Earlier this month Integral Institute and JFK University co-sponsored the second bi-annual Integral Theory Conference in San Francisco. As one of the only people in my immediate universe who didn’t attend this event, I thought it would be interesting to get a couple of perspectives on what happened there, and where the future of this emerging culture is heading.
Having worked with the integral framework for several years in both my personal and professional life, I’ve been most interested in what our Beams & Struts colleague Olen Gunnlaugson (quoted below) calls the ‘second wave’ of integral theory. Unlike, for example, the second wave of feminism, this second wave refers to the observations, experiences and adjustments people have and make working with the integral map on the ground.

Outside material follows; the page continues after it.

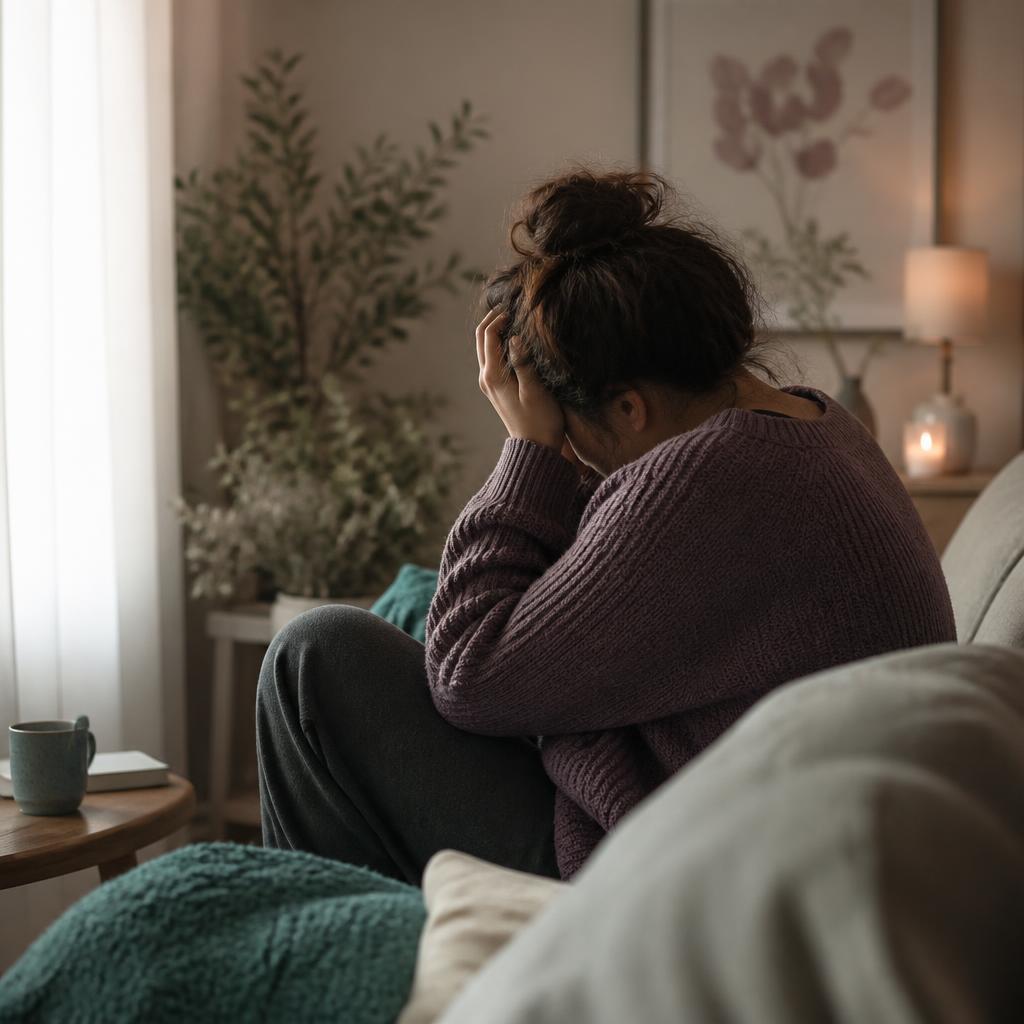 A woman sitting quietly, holding her head in her hands — the weight of surviving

Since the basic framework makes such intuitive sense and has an ease and elegance the hard world can lack, there is tendency for people to remain locked in the construct of the theory, detached from the difficult choices and crooked timber of manifest reality.
What has come clear to me in recent years is a paradox with integral theory: on the one hand, there is a real need for increased academic rigor, rooting the framework at an academic level, showing its natural capacity for trans-disciplinary synergy. On the other hand, there is an unfortunate tendency for the work to be merely a head-trip, and fall far short of its inherent promise: the embodied promise of body, mind and spirit animated in self, culture and nature. This is the same promise made in the religious traditions and the philosophic and literary canons. It seems obvious that the bookends of this paradox need to move in step: through research, application and rigor, integral theory must find it’s right relationship to the academy; at the same time, there must be an ongoing yoga, a practice, rooted in experience and inquiry, curious and fearless. Only then will the complete picture, and this inherent promise, be properly realized.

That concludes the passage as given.